Il faut d'abord maîtriser les dépenses publiques. Mais comme elles sont rigides, le processus est lent. Malgré le non-remplacement d'un fonctionnaire sur deux partant à la retraite, la masse salariale de l'État augmente de 600 à 800millions d'euros par an! Les dépenses de protection sociale progressent inexorablement. Il faut donc aussi protéger les recettes. D'où mon combat contre les niches fiscales et sociales.

Le rabot sur les niches rapportera 500 millions. Êtes-vous déçu?

500 millions, c'est peu. Ce n'est plus un rabot, mais une lime à ongle! Sur les 10 milliards de recettes nouvelles en 2011, en attendre près de la moitié de l'assurance et de la banque ne constitue pas une politique fiscale équilibrée. D'autant que certaines mesures ne sont pas pérennes. Je proposerai dans le débat budgétaire des amendements pour aller plus loin, beaucoup plus loin, dans la réduction des niches fiscales et sociales et cela avec un souci d'équité.
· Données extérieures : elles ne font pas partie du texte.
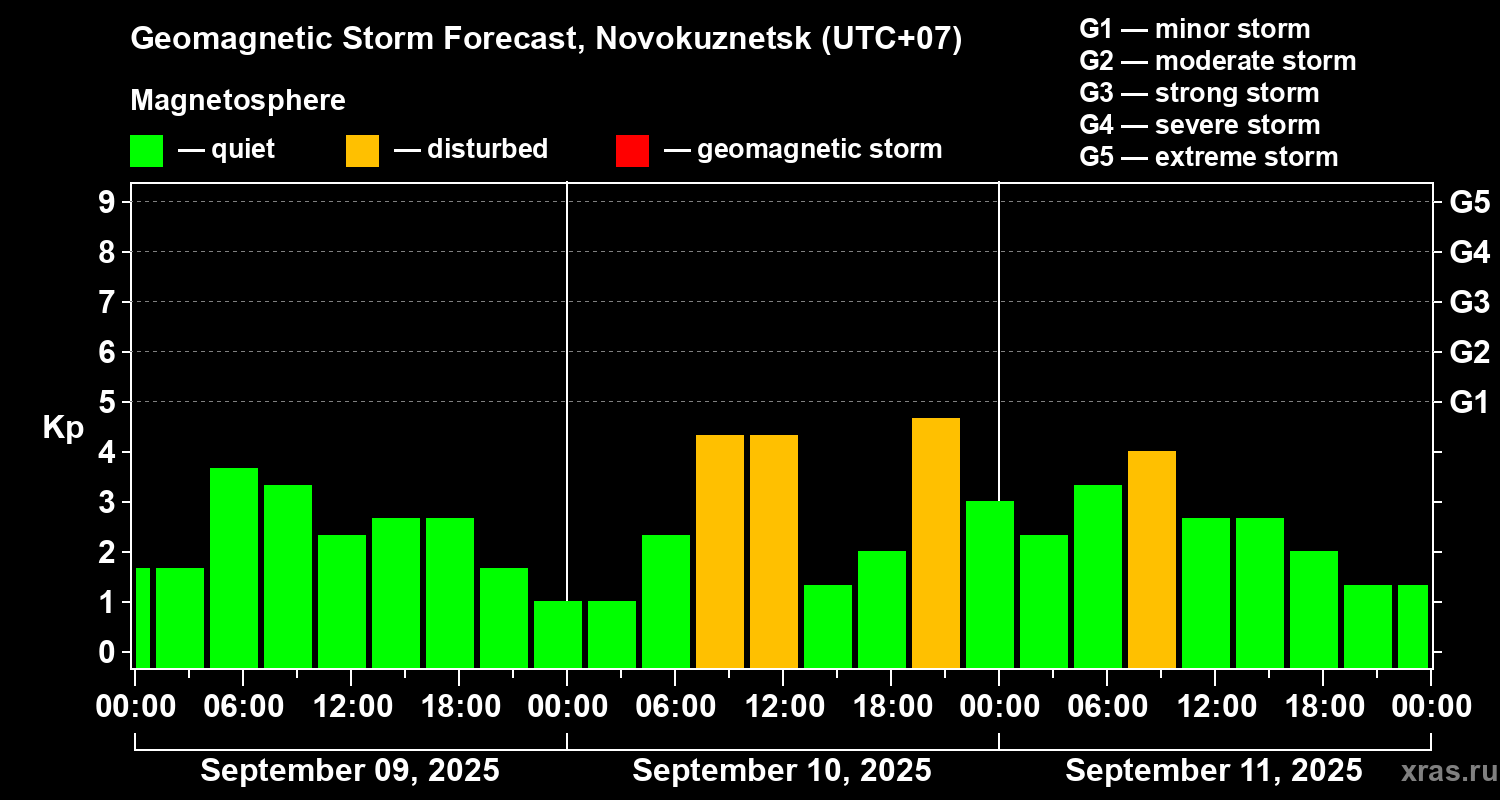 Forecast of the geomagnetic index Kp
Sur quels dispositifs comptez-vous porter le fer?

Le taux de réduction d'impôt de 75% sur la niche ISF PME conduit à de mauvaises décisions d'investissement. Il faut le diminuer. Est-il raisonnable d'exclure du rabot les réductions d'impôt sur les dons, en particulier les dons aux partis politiques? Je ne le pense pas. Les plus-values immobilières, hors résidence principale, doivent être soumises à CSG et CRDS. Il faudrait introduire un plafond de ressources pour le nouveau prêt à taux zéro qui remplacera le crédit d'impôt sur les intérêts d'emprunt immobiliers.

Et côté entreprises?

Il faut recalibrer le crédit d'impôt recherche pour éviter les effets d'aubaine. Et réserver le crédit d'impôt pour l'intéressement aux petites entreprises. Enfin, la suppression de la dernière tranche d'IFA (imposition forfaitaire annuelle), prévue pour 2011, devrait être reportée. Cette mesure ne touchera que les très grandes entreprises, dont il est normal qu'elles participent à l'effort national.

À terme, faut-il mettre fin aux niches?

Il faudrait en transformer un grand nombre en subventions. Plutôt que d'offrir à guichet ouvert un crédit d'impôt aux ménages qui installent des panneaux photovoltaïques, pour la plupart importés de Chine, il vaudrait mieux leur accorder une aide directe. Et faire de même pour les niches de l'outre-mer. La subvention fonctionne en enveloppe fermée. Si les crédits prévus sont consommés dès octobre, et bien, la distribution s'arrête! Avec la niche fiscale, les prévisions et les évaluations sont impossibles et le résultat est désastreux pour les finances publiques.